• [Required work]:
Set down all of the data that follows word for word, without the images.
============================================================
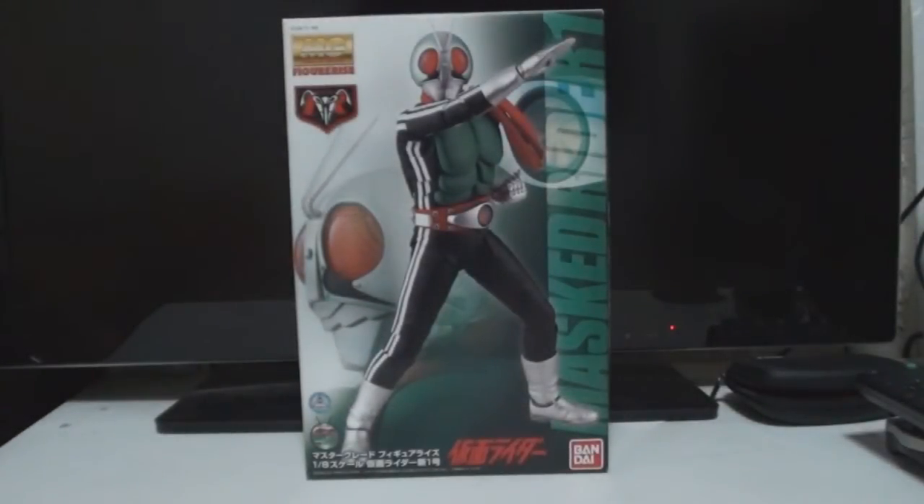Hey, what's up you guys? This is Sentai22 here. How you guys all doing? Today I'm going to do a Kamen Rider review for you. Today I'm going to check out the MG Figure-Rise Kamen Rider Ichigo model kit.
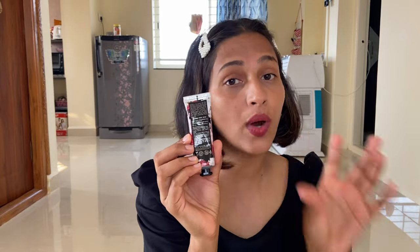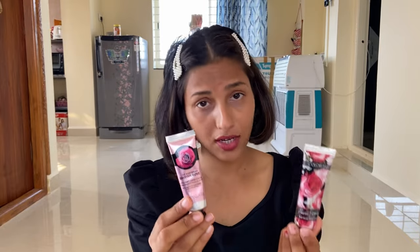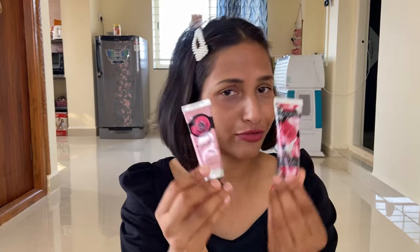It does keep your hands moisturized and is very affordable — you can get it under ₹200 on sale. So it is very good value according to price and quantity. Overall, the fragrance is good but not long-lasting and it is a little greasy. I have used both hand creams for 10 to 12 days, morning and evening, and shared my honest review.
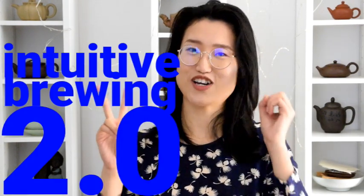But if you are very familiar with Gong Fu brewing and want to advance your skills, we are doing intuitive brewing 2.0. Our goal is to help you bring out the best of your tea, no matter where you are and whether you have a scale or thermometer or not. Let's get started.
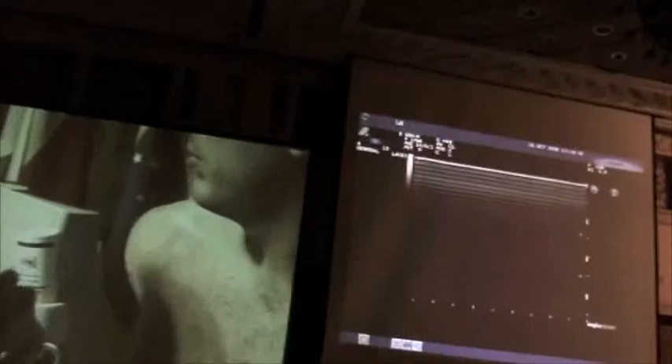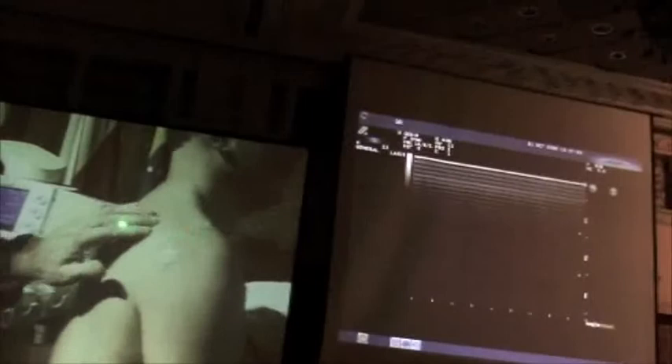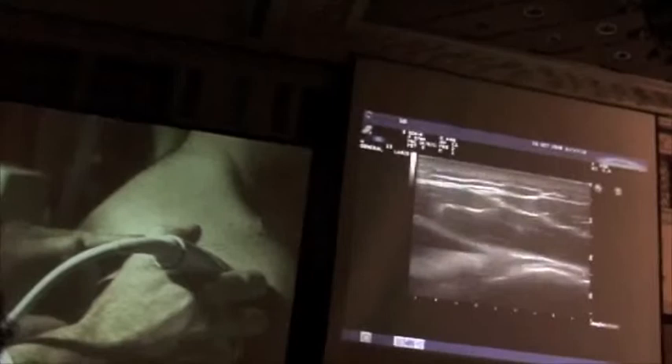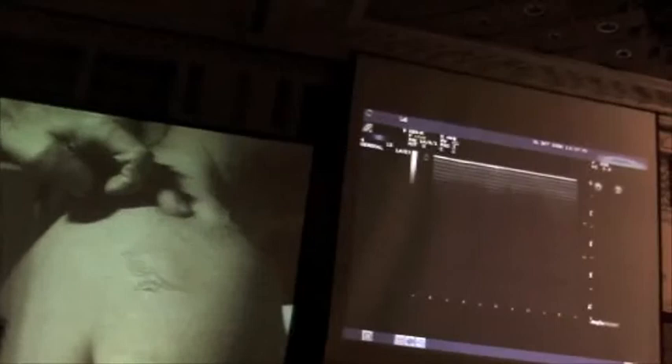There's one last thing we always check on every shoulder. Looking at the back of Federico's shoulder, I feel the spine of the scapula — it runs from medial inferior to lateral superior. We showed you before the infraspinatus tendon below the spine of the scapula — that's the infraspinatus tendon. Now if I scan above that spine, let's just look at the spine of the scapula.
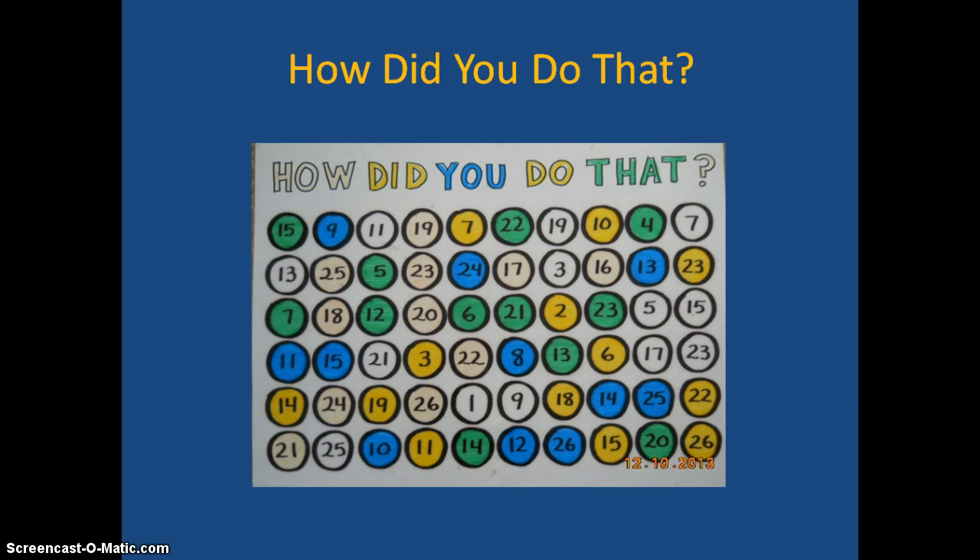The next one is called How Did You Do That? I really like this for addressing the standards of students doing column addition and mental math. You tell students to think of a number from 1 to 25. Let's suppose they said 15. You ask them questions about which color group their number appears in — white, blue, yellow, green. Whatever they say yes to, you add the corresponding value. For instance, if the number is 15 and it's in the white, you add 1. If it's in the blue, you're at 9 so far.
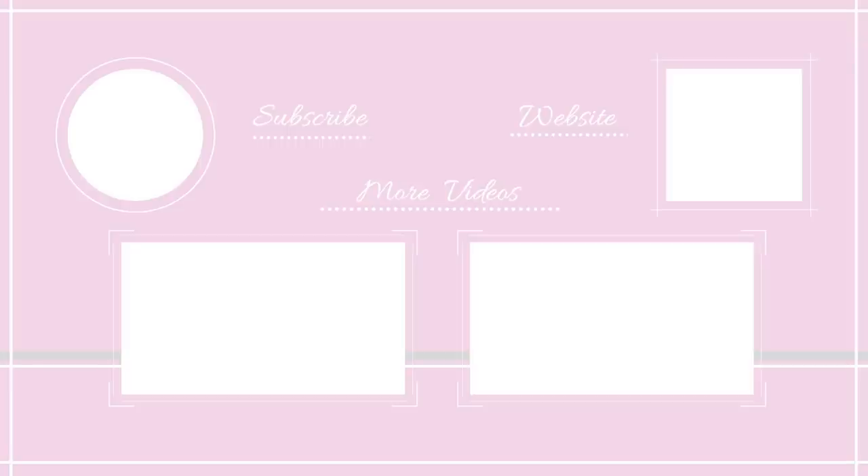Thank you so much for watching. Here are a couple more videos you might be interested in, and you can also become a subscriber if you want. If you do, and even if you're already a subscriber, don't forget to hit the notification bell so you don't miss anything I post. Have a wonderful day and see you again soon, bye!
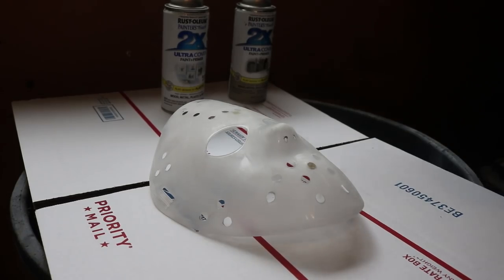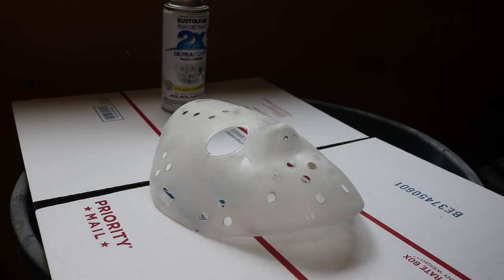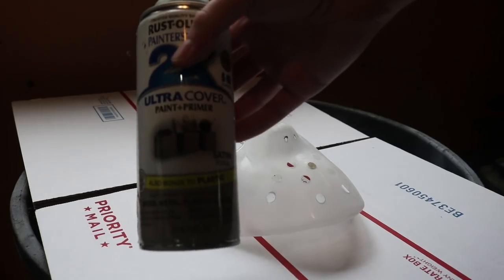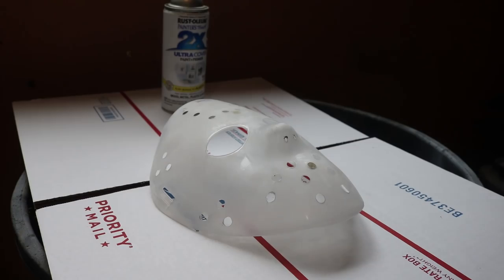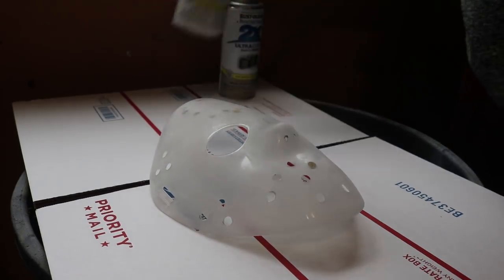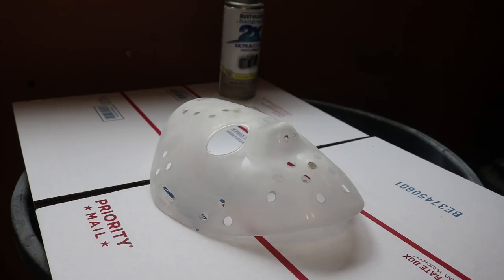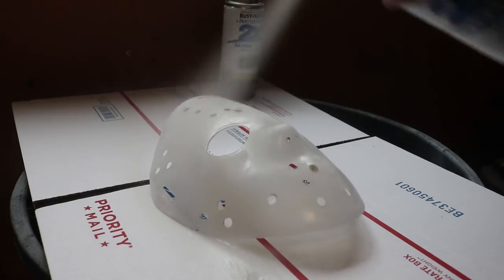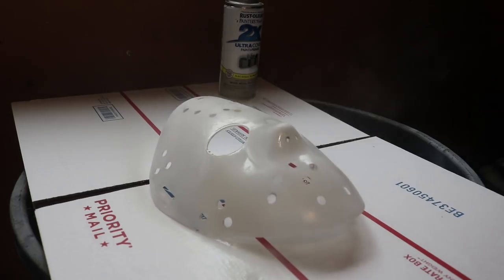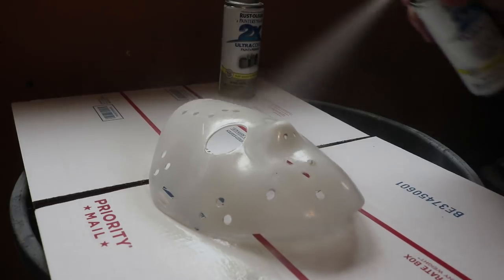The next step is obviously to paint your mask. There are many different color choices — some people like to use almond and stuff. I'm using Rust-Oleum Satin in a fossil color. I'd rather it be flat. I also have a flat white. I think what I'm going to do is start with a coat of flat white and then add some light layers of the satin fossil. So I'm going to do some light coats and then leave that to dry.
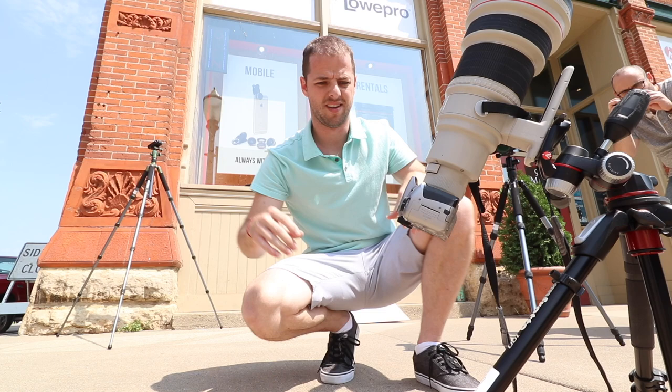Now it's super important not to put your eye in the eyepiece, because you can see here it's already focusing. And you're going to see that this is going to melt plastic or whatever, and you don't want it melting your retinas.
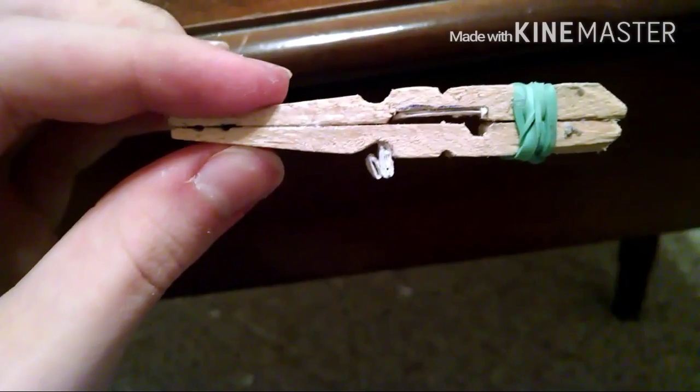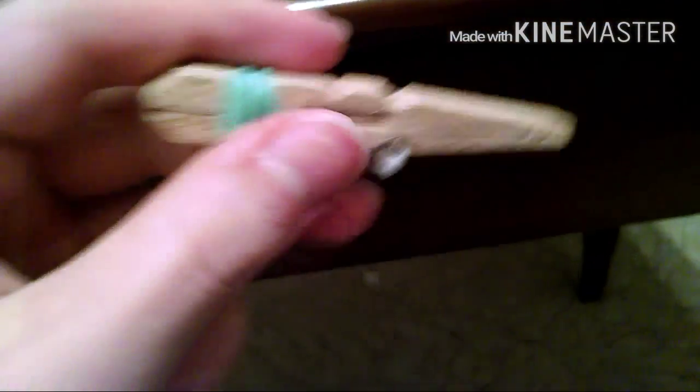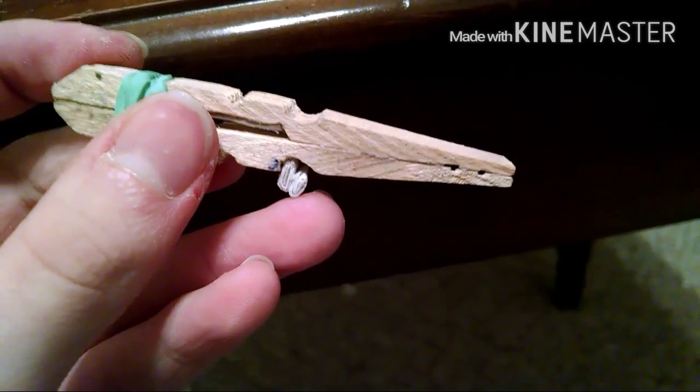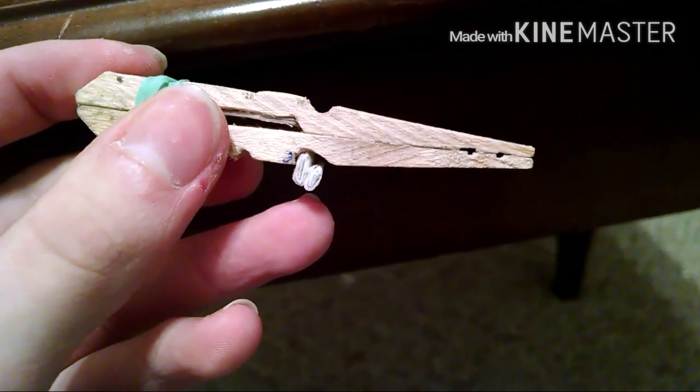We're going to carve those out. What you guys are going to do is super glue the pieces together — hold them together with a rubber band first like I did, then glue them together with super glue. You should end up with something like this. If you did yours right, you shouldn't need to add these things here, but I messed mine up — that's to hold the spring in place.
============================================================
• [Response for this exercise]:
Hey, what's up you guys? This is Sentai22 here. How you guys all doing? Today I'm going to do a Kamen Rider review for you. Today I'm going to check out the MG Figure-Rise Kamen Rider Ichigo model kit.
It does keep your hands moisturized and is very affordable — you can get it under ₹200 on sale. So it is very good value according to price and quantity. Overall, the fragrance is good but not long-lasting and it is a little greasy. I have used both hand creams for 10 to 12 days, morning and evening, and shared my honest review.
But if you are very familiar with Gong Fu brewing and want to advance your skills, we are doing intuitive brewing 2.0. Our goal is to help you bring out the best of your tea, no matter where you are and whether you have a scale or thermometer or not. Let's get started.
There's one last thing we always check on every shoulder. Looking at the back of Federico's shoulder, I feel the spine of the scapula — it runs from medial inferior to lateral superior. We showed you before the infraspinatus tendon below the spine of the scapula — that's the infraspinatus tendon. Now if I scan above that spine, let's just look at the spine of the scapula.
The next one is called How Did You Do That? I really like this for addressing the standards of students doing column addition and mental math. You tell students to think of a number from 1 to 25. Let's suppose they said 15. You ask them questions about which color group their number appears in — white, blue, yellow, green. Whatever they say yes to, you add the corresponding value. For instance, if the number is 15 and it's in the white, you add 1. If it's in the blue, you're at 9 so far.
Thank you so much for watching. Here are a couple more videos you might be interested in, and you can also become a subscriber if you want. If you do, and even if you're already a subscriber, don't forget to hit the notification bell so you don't miss anything I post. Have a wonderful day and see you again soon, bye!
The next step is obviously to paint your mask. There are many different color choices — some people like to use almond and stuff. I'm using Rust-Oleum Satin in a fossil color. I'd rather it be flat. I also have a flat white. I think what I'm going to do is start with a coat of flat white and then add some light layers of the satin fossil. So I'm going to do some light coats and then leave that to dry.
Now it's super important not to put your eye in the eyepiece, because you can see here it's already focusing. And you're going to see that this is going to melt plastic or whatever, and you don't want it melting your retinas.
We're going to carve those out. What you guys are going to do is super glue the pieces together — hold them together with a rubber band first like I did, then glue them together with super glue. You should end up with something like this. If you did yours right, you shouldn't need to add these things here, but I messed mine up — that's to hold the spring in place.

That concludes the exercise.